複雑化していくリスティング広告… 信頼できる代理店の選び方と費用の目安

Web広告

今や、いつでもどこでもインターネットに接続できるのが当たり前。企業も、規模の大小に関わらずWebメディアやWeb広告を使った認知の拡大、見込み客獲得、売上アップ等を目指すようになりました。

オンライン広告のなかでもポピュラーなリスティング広告は、2002年頃に登場。低コストで手軽に始められるということで長年人気を集めています。

しかし、広告がどんどん複雑化してきているという問題も。広告主のニーズに応えて柔軟度が増していく一方で、運用の難易度も上がってきているのです。

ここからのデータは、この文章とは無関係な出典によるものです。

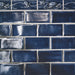 Dettaglio piastrella per rivestimento in ceramica Craquelé effetto fatto a mano lucido 7,5x15 cm effetto mattoncino della collezione The Traditional Style, colore Blue Navy di Ceramica Settecento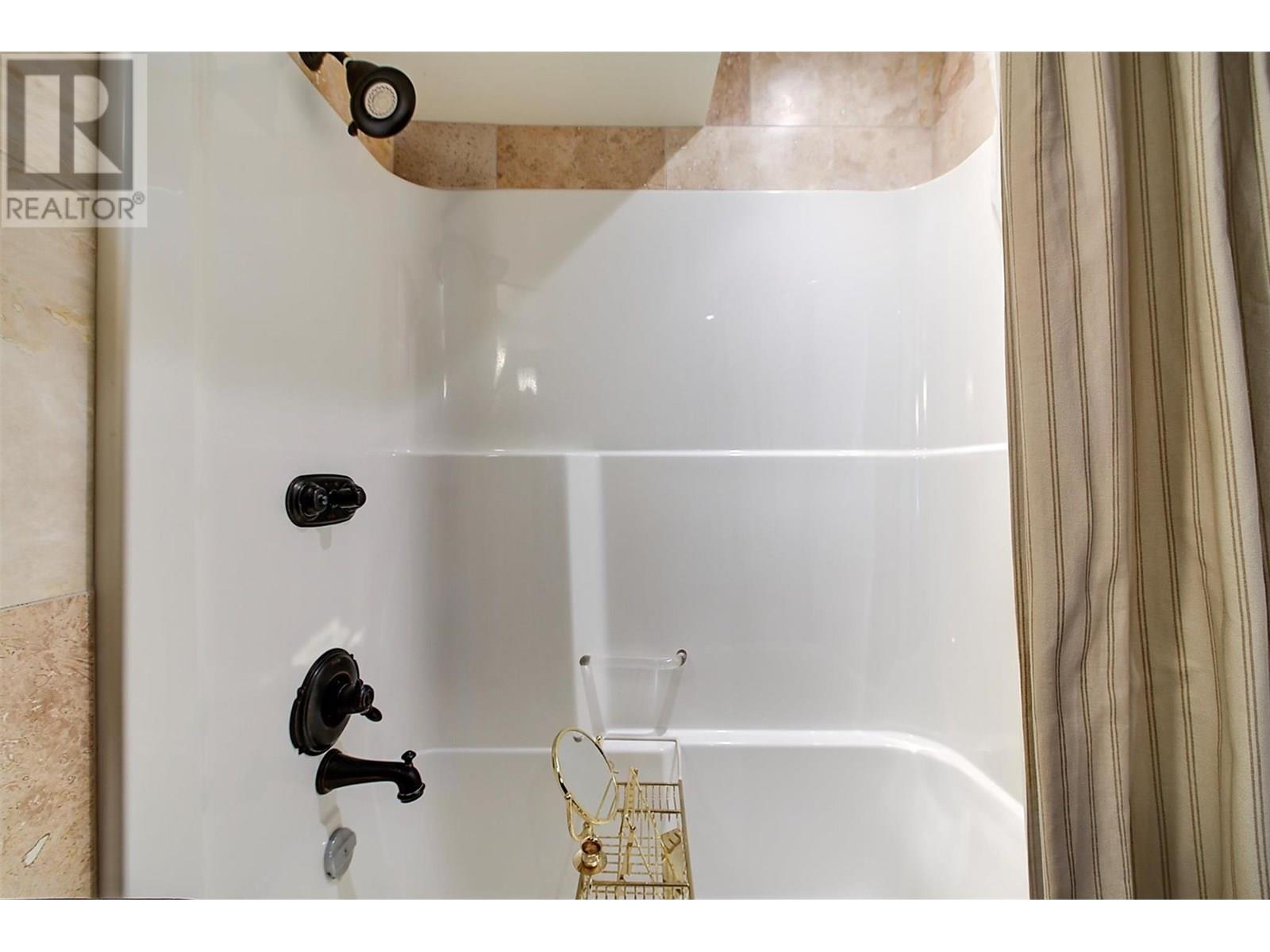 5824 Columbia Avenue, Peachland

「人員が足りず、運用に時間を避けない」「知識がなくてよくわからない」という課題を抱える企業増えてきています。

リスティング広告の運用は手がかかる

では、そもそもリスティング広告とは何なのか、というところから見ていきましょう。
シェアのほとんどはGoogle、Yahoo! JAPANが占めており、基本的な構造はどちらも同じ。「リスティング広告=検索連動型広告」と思っている人もいますが、コンテンツ連動型広告もリスティング広告に含まれます。

  • 検索連動型広告

ユーザーが検索エンジンに打ち込んだキーワードに連動して検索結果に表示されるテキスト広告。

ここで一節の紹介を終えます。